What follows might be the most extreme version of the game, even more extreme than the "lemon boy" variation that theScore's Justin Bourne played during his time as a Division 1 NCAA player at the University of Alaska Anchorage.
The reigning champions of the GET-ligaean (the top professional league in Norway) is Oslo-based club Vålerenga IF. This week, Vålerenga opened their training camp and New York Rangers forward Mats Zuccarello was in attendance. At the end of the session, the players engaged in a game of what they apparently call "strippestraffer." For our purposes, "strip juice boy" is the more descriptive term.
Here's how the game works: you score, you keep your clothes on. If the goalies stop you, you have to remove a garment.

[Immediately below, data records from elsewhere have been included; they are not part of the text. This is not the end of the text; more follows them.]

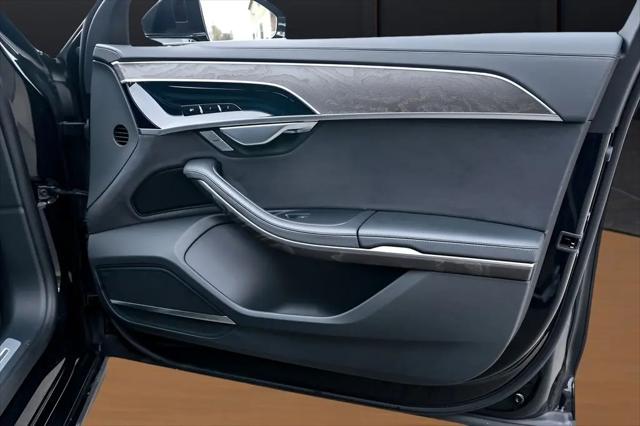 2023 Audi A8 L 55 TFSI quattro Tiptronic
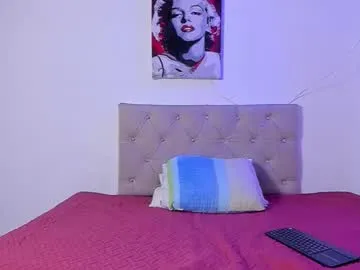 DiamondJo free chat on liveonude Image 11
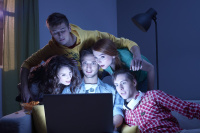 Смотреть сериалы онлайн: устрой себе вечер кино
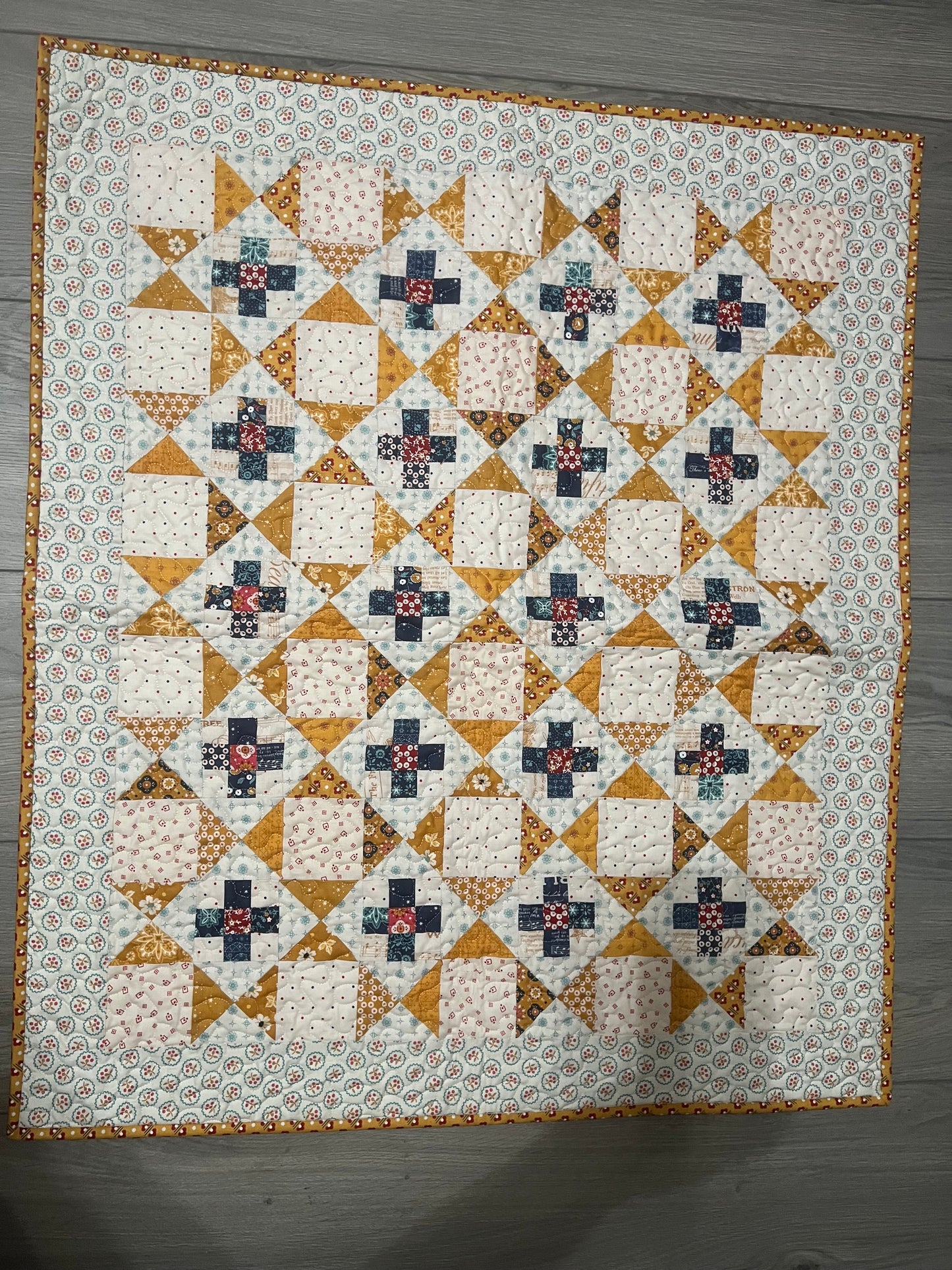 Lori Holt Americana Oh Beautiful Flag Runner & Amber Waves Mini Quilt Kit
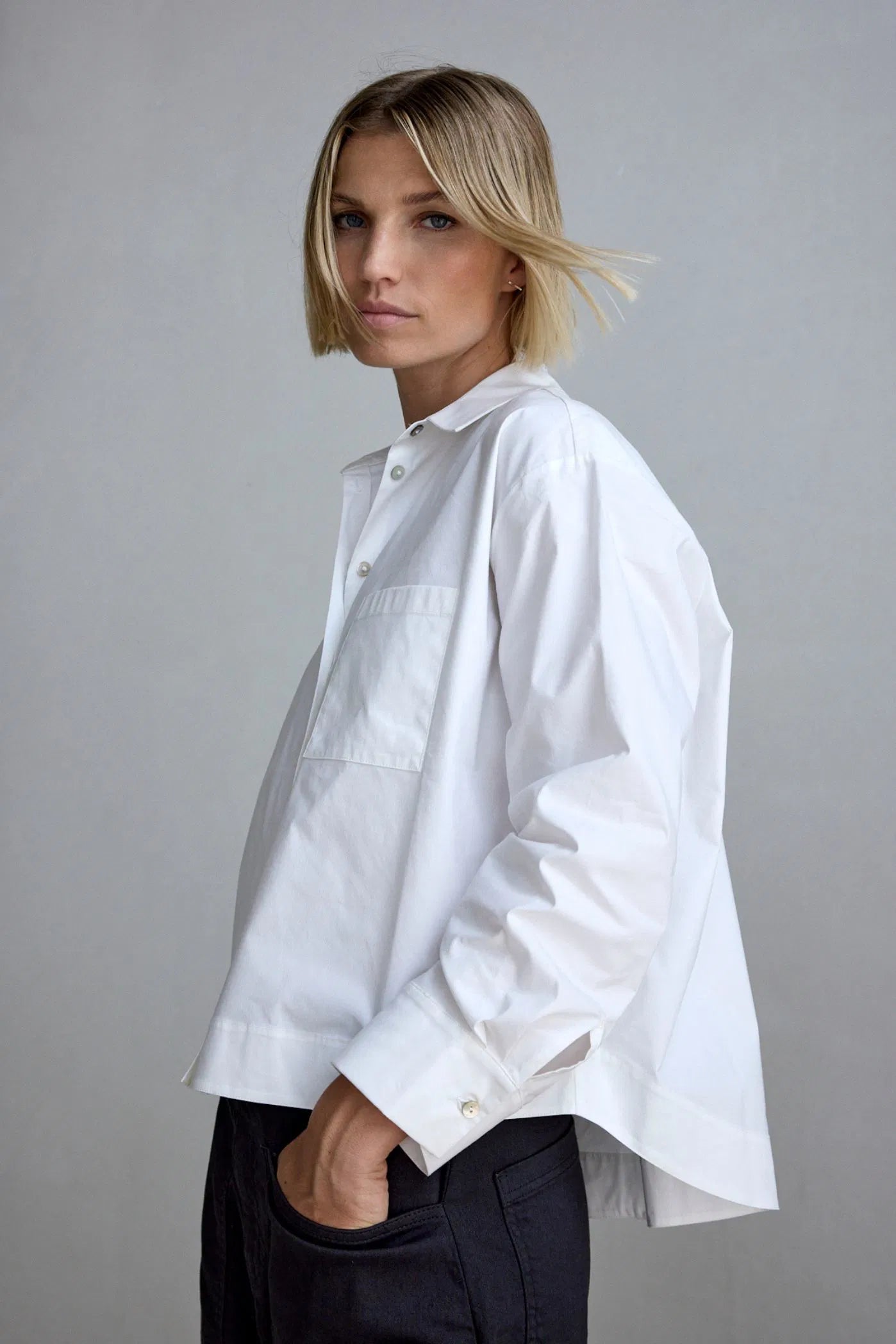 Amedee - White
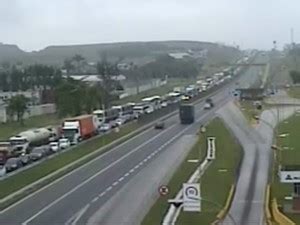 G Acidente Carreta Congestiona Via Dutra Em Porto Real No Sul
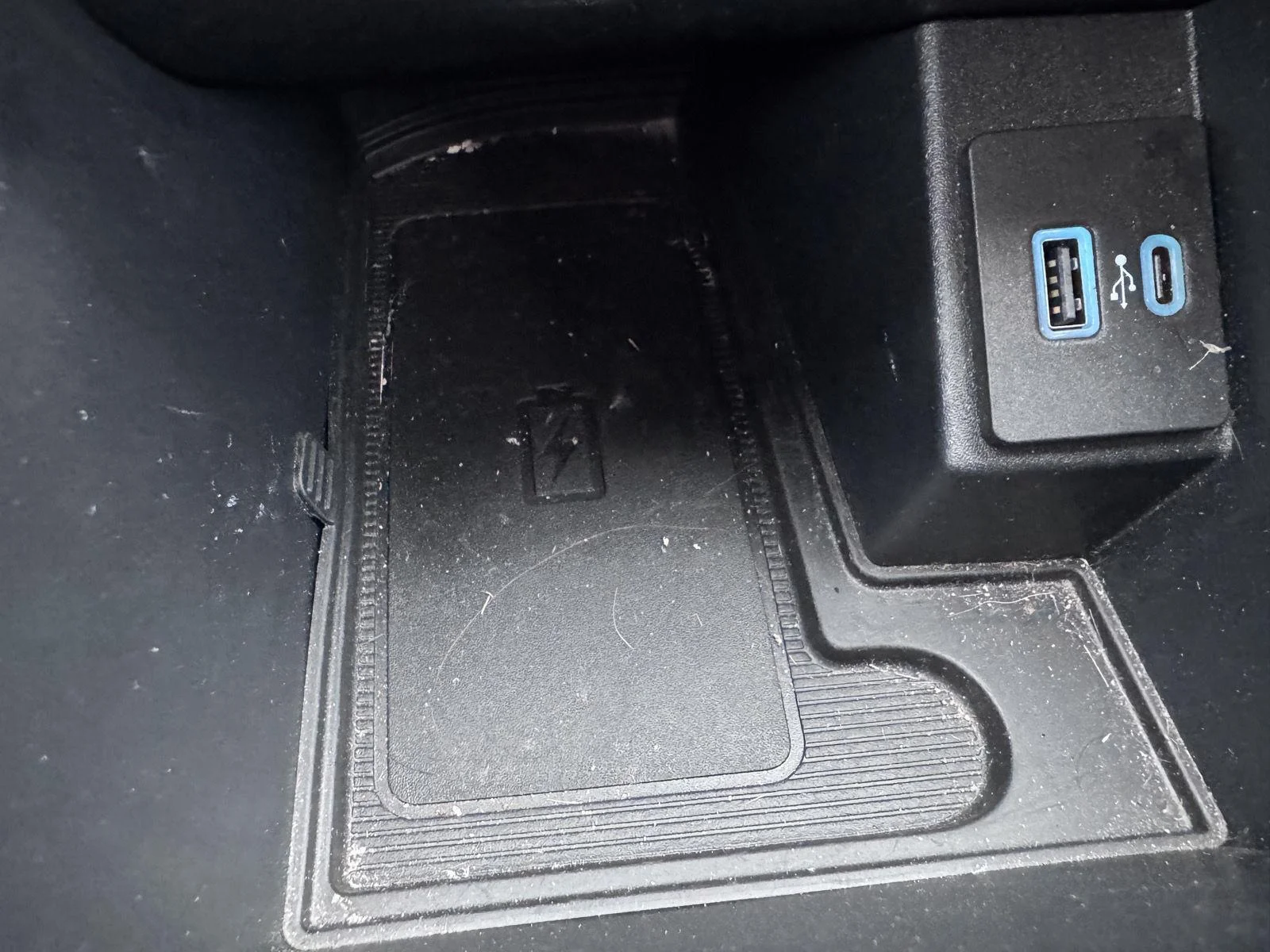Used 2024 Carbonized Gray Ford SEL image 21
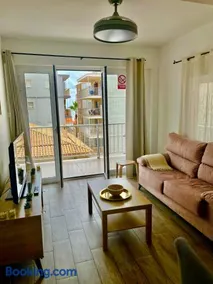 Spacious Apartment Right Next to Miramar Beach - Image 1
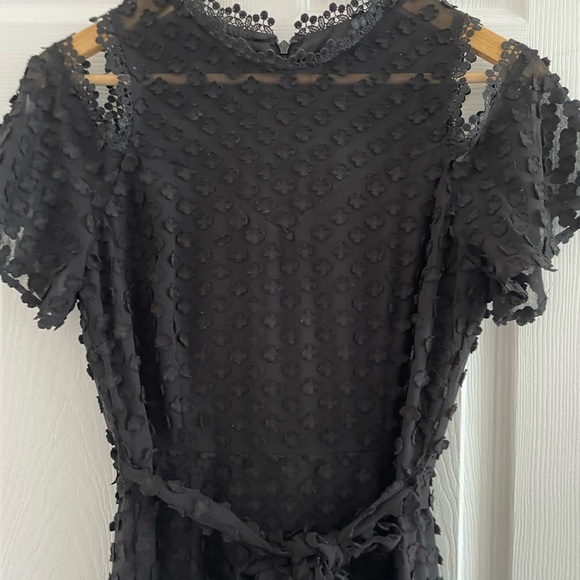 Ivanka Trump Black Cold Shoulders Flower Appliqué Dress Size 2 - Picture 9 of 10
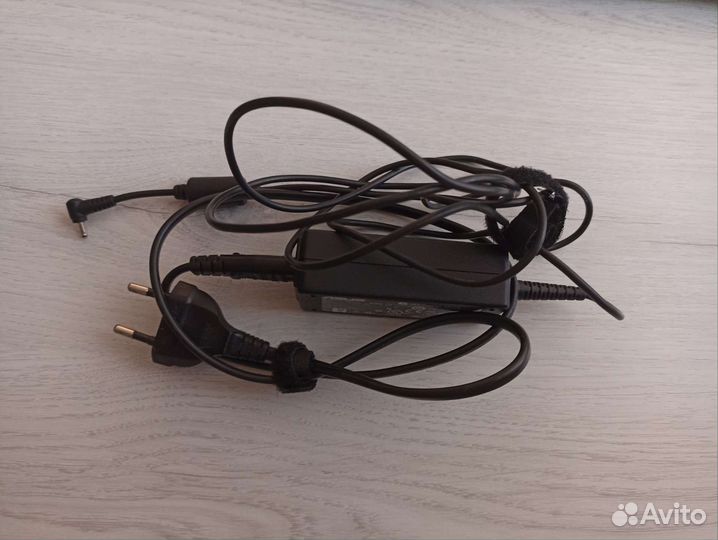 Нетбук asus eee pc 1008p. Karim Rashid Collection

Zuccarello scored, by the way, but two players on his team - including captain
Brede Csiszár and new recruit Eric Salsten - weren't so lucky. Here are some photos from Vålerenga's nude-friendly version of juice boy:

[Courtesy Dagbladet, via Aftonbladet]

[Courtesy VG Sporten]
In a funny twist, goaltenders Glenn Jensen and Steffen Søberg got together and decided they would do everything in their power to prevent Csiszár from scoring. They were successful, of course, but why did they target Csiszár? It wasn't just his leadership position that made him a target, it was also his apparent affinity for skimpy swimwear.
"Söberg and I decided that he would not get to score so that all spectators would get to see the nice speedo (tanlines) he gained this summer," Jensen explained to VG Sporten (per Aftonbladet, via Google Translate).